17:43-1:09:46: Okay, so yes comic books. Don’t worry, we remember! (Or…do we?) Following on the heels of his recent post here at the website, Graeme and I talk about DC’s Teen Titans. More specifically, DC’s comic book incarnation of the Teen Titans, and even more specifically, the revitalization of that title (which we could more honestly remove the “re-“ and call a vitalization) under Marv Wolfman and George Pérez, as well as what happened to it afterward. Graeme has read a huge ton of the material recently—including Teen Titans Omnibus 1, 2, and 3, as well as the New 52 trades and the current Titans Hunt series by Dan Abnett, Paulo Siqueira, and Geraldo Borges—whereas Jeff has been out of the Titans loop for a very long time, but was a fan of the Wolfman/Pérez material back in the day. Discussed/referenced: The Beatles, Chris Claremont, the Uncanny X-Men, the Dark Phoenix storyline, The Judas Contract, that “annoying blond guy,” the second big Trigon storyline and the secret theory about it that Jeff never gets to utter because there’s too much gabbing going on.
(PODCAST BONUS: That theory? About a story Jeff never finished reading? The theory is that Raven was sexually abused by her demonic father and Wolfman thought he could make the icky subtextual link between icky sexual abuse and demonic evil into actual text in the direct market-only Baxter-approved book but then wasn’t able to for whatever reason and then had nowhere else to go…unless that is indeed what happened, in which case it’s just as well I didn’t mention it on-air anyway.)

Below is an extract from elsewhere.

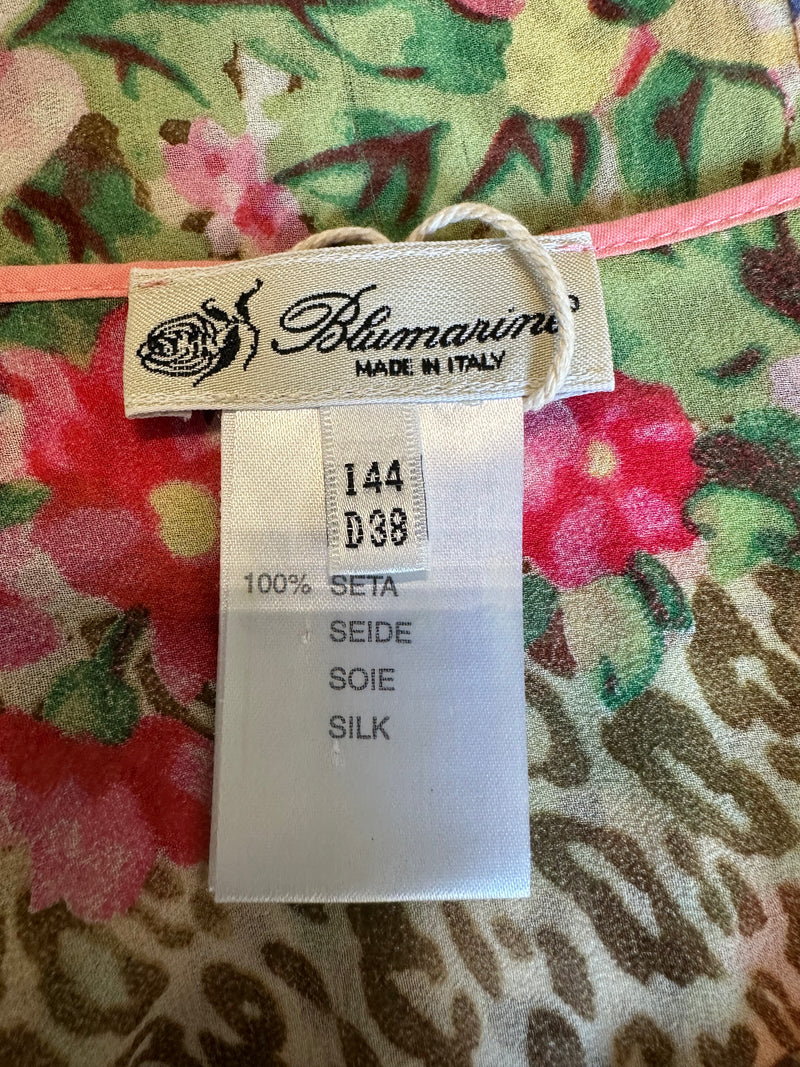 Blumarine S/S 2005 Pink Leopard And Floral Print Silk Slip Dress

Also discussed: Wolfman’s confession about his years-long creative block and subpar work; the importance of George Pérez as the detailed yang to Wolfman’s scattered yin; the gap between Paul Smith and John Romita, Jr., and between George Pérez and José Luis Garcia-Lopez; Bob McLeod, as penciller and inker; the artistic legacy of the New Mutants; Kurt Schaffenberger; Louise Simonson taking over New Mutants; Doug Ramsey as an example of the limitation of the superhero genre; slowly typing in those stupid programs onto the VIC-20 that never worked right; the movie War Games and The Hacker’s Handbook; Chris Claremont not being down with X-Factor; post-Tumblr DC; the three distinct eras of Teen Titans, including the Geoff Johns and Scott Lobdell’s eras; the Marvel template and the hot-headed feet of clay character; the above-referenced Titans Hunt by Dan Abnett, Paulo Siqueira, and Geraldo Borges (and Stephen Segovia); “racist” Aqualad; the return of Mr. Twister; how to avoid alienating new readers right after attacting them; and more.
1:09:46-1:23:59: FINALLY, we put the Titans to rest and move on to a new timecode as we segue from how Titans Hunt handles its approach to a reboot with the new nonboot from All New All Different Marvel. Discussed: Al Ewing’s work on the current incarnation of The Ultimates, and why he’d be the perfect writer for The Fantastic Four; Marvel winning truly new comic readers and then losing them with a reboot; the end of the first volume of Ms. Marvel; The Unbeatable Squirrel Girl’s upcoming crossover with Howard The Duck; Chip Zdarsky on Howard The Duck vs. Chip Zdarsky on Jughead; what happens when sales targets are not met and how to measure those sales targets; and whether or not sales on Marvel’s Star Wars books are leveling or actually dropping.